In other posts shared Feb. 5, Schiff intensified his broader critique of BTC, writing: “The real story about bitcoin isn’t its 50% decline, but that the biggest financial mania in history is likely over. What’s most amazing is how the scheme’s promoters convinced the mainstream financial media, Wall Street banks, and elected government officials to embrace it.” He also questioned the durability of the downturn, stating:
“The amazing part about the bitcoin bear market is that the price is down almost 50% from its peak and there still hasn’t been a crash. There is no way this bear market will end without one.”
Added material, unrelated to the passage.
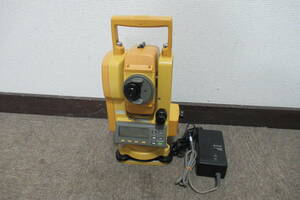 棚3.B2012　TOPCON トプコン　CS-102F トータルステーション 充電器BC-19A 測量機 測量機器 測定器 現状品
Schiff maintains that bitcoin is a speculative bubble backed by nothing, arguing it lacks the intrinsic value found in gold’s physical utility for electronics or jewelry. He views the crypto asset as a Greater Fool wealth transfer, where early adopters profit only if later buyers subsidize them. Throughout 2025, Schiff frequently pointed to bitcoin’s declining purchasing power relative to gold as evidence that the digital gold narrative has failed. He contends that bitcoin is a risk asset, not a safe haven, predicting that while a financial crisis birthed it in 2008, a similar crisis will eventually destroy it.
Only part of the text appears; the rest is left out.